**Scraped caption text data**
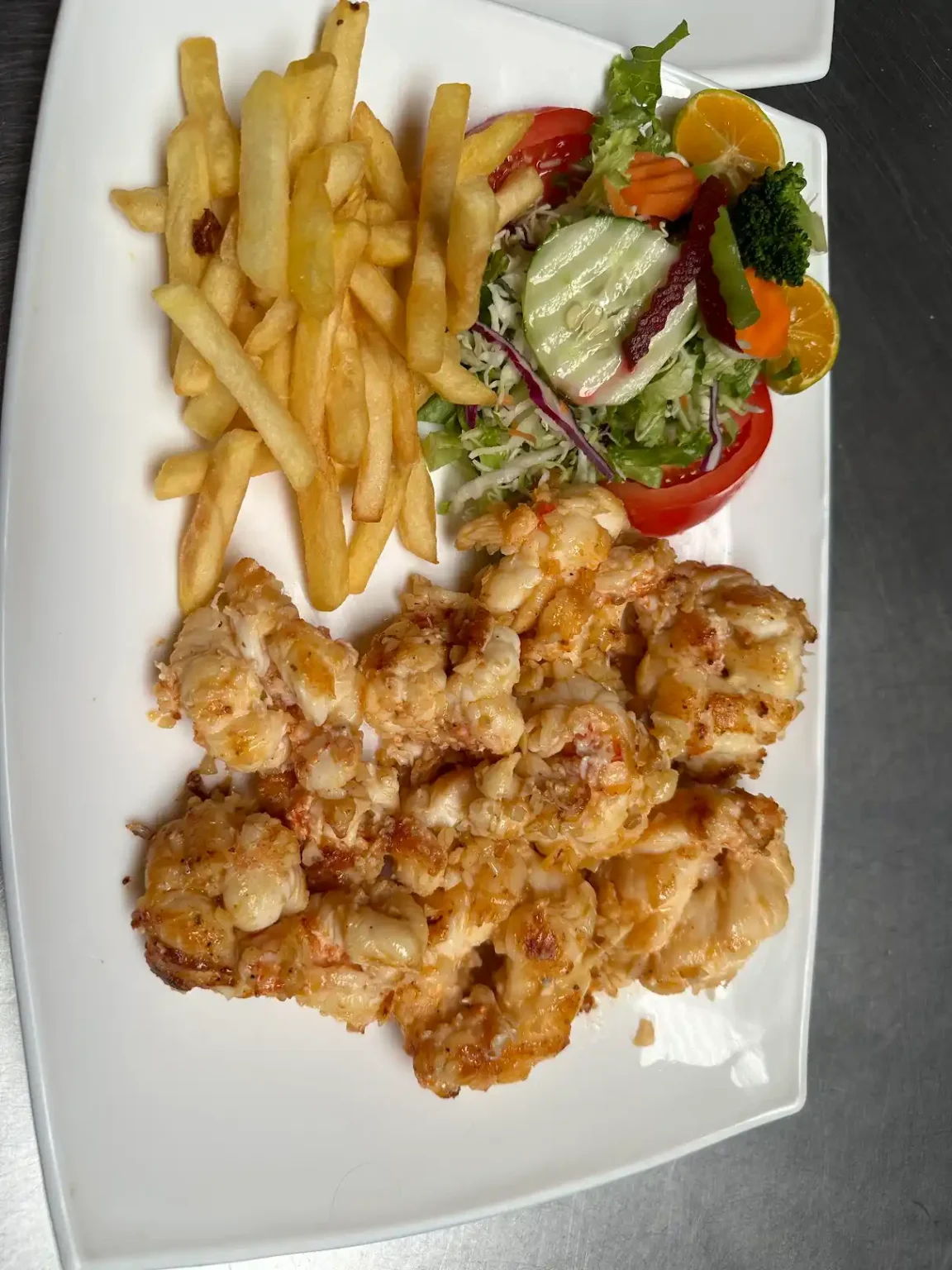 Langosta al ajillo con papas fritas y ensalada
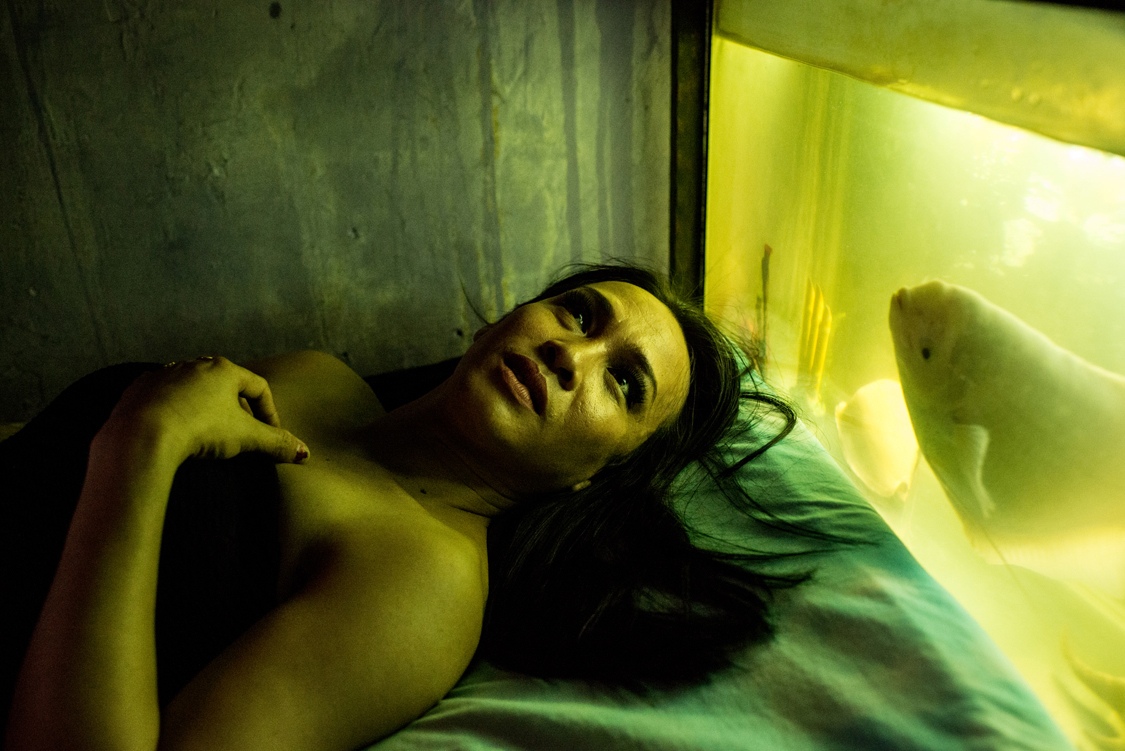  Ririn, 35, is a waria from Bengkulu province (Sumatra). She couldn't finish her studies because her family cannot afford it so she moved to Jakarta, where she lives, together with a pet fish, in a tiny rental room at the first floor of a crowded, ra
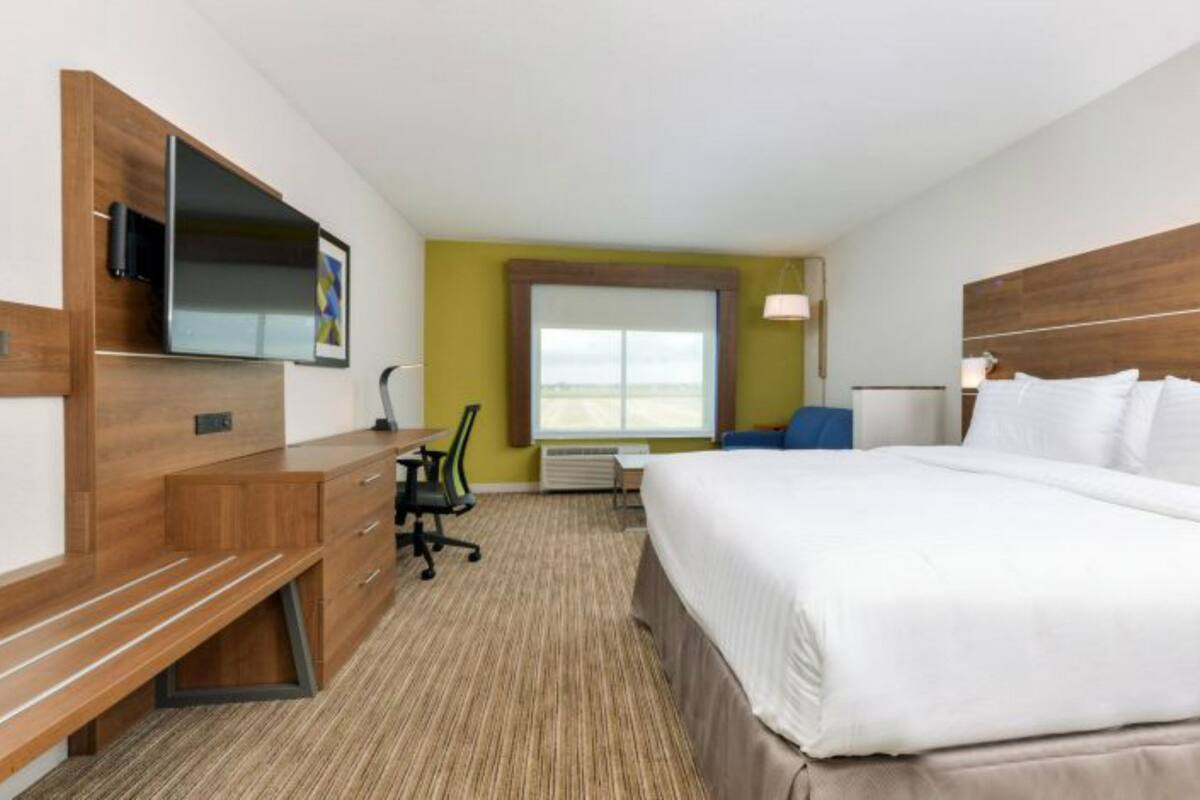 Una habitación de hotel con cama, escritorio, silla, televisor y ventana.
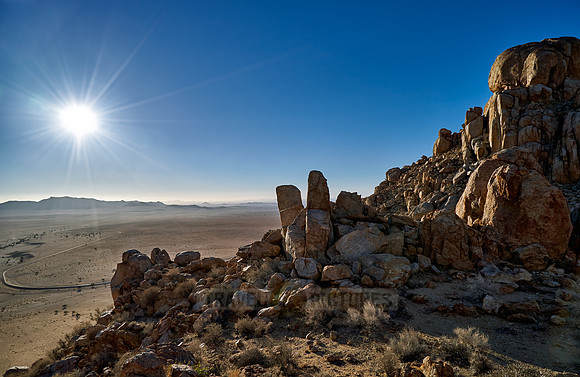 view from mountain on desert landscape with burning sun of farm Klein-Aus Vista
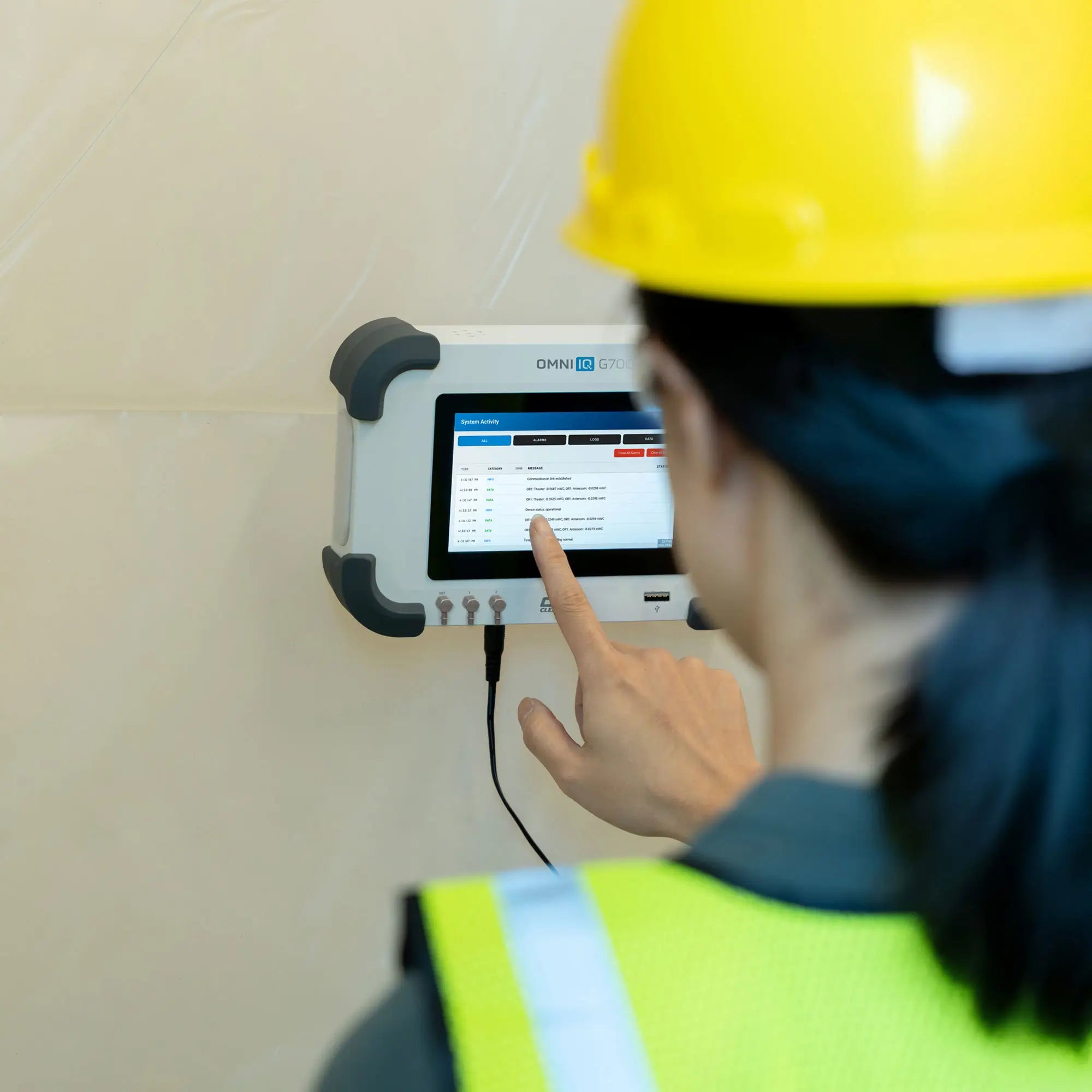 Person in a hard hat and high-visibility vest using an Omni IQ G700 device on a wall.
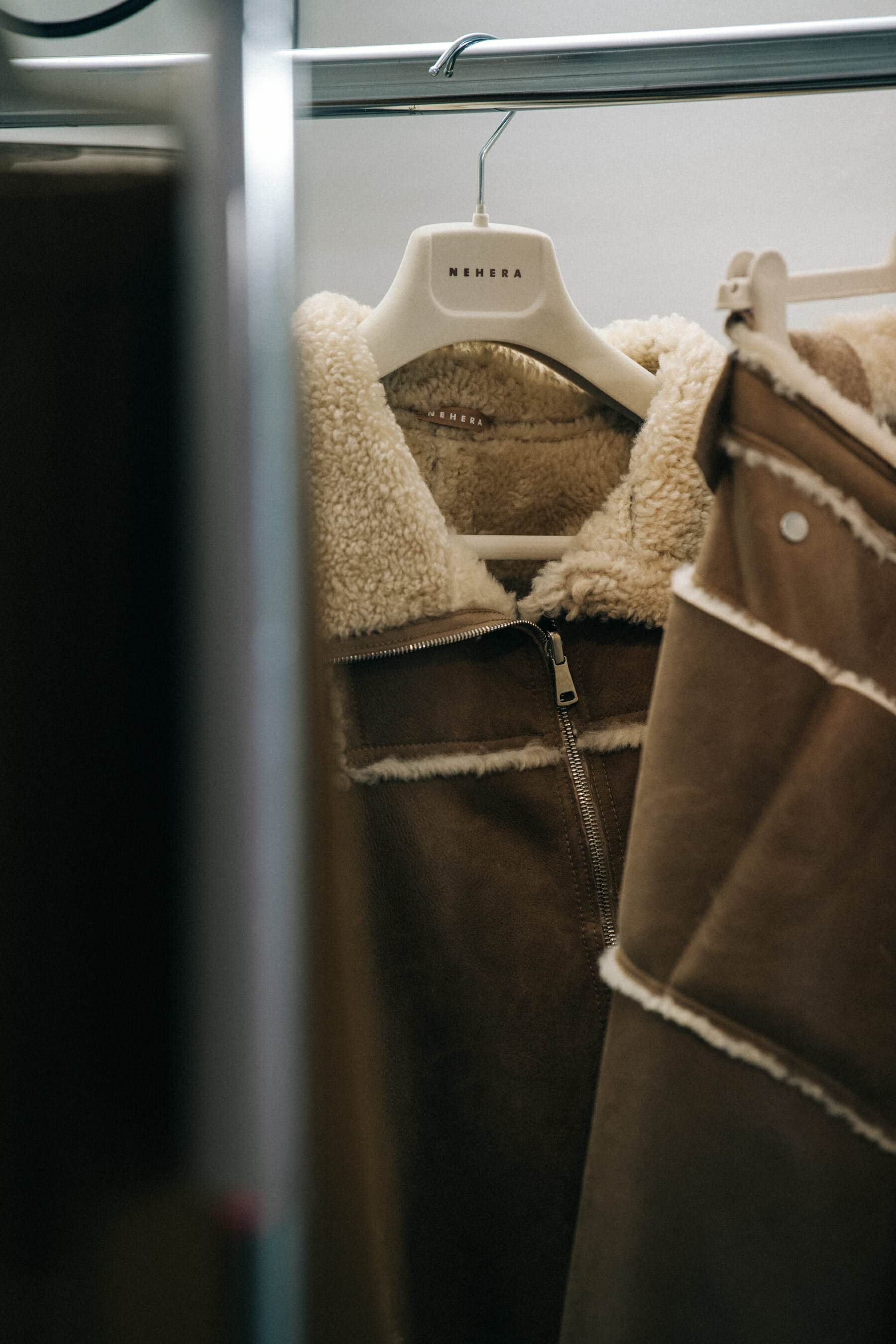 Clothes hanging backstage at Nehera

**TASK TO COMPLETE**
Print all the entries again exactly as written, but without the pictures.

**SOLUTION TO THE EXERCISE**
 Langosta al ajillo con papas fritas y ensalada
  Ririn, 35, is a waria from Bengkulu province (Sumatra). She couldn't finish her studies because her family cannot afford it so she moved to Jakarta, where she lives, together with a pet fish, in a tiny rental room at the first floor of a crowded, ra
 Una habitación de hotel con cama, escritorio, silla, televisor y ventana.
 view from mountain on desert landscape with burning sun of farm Klein-Aus Vista
 Person in a hard hat and high-visibility vest using an Omni IQ G700 device on a wall.
 Clothes hanging backstage at Nehera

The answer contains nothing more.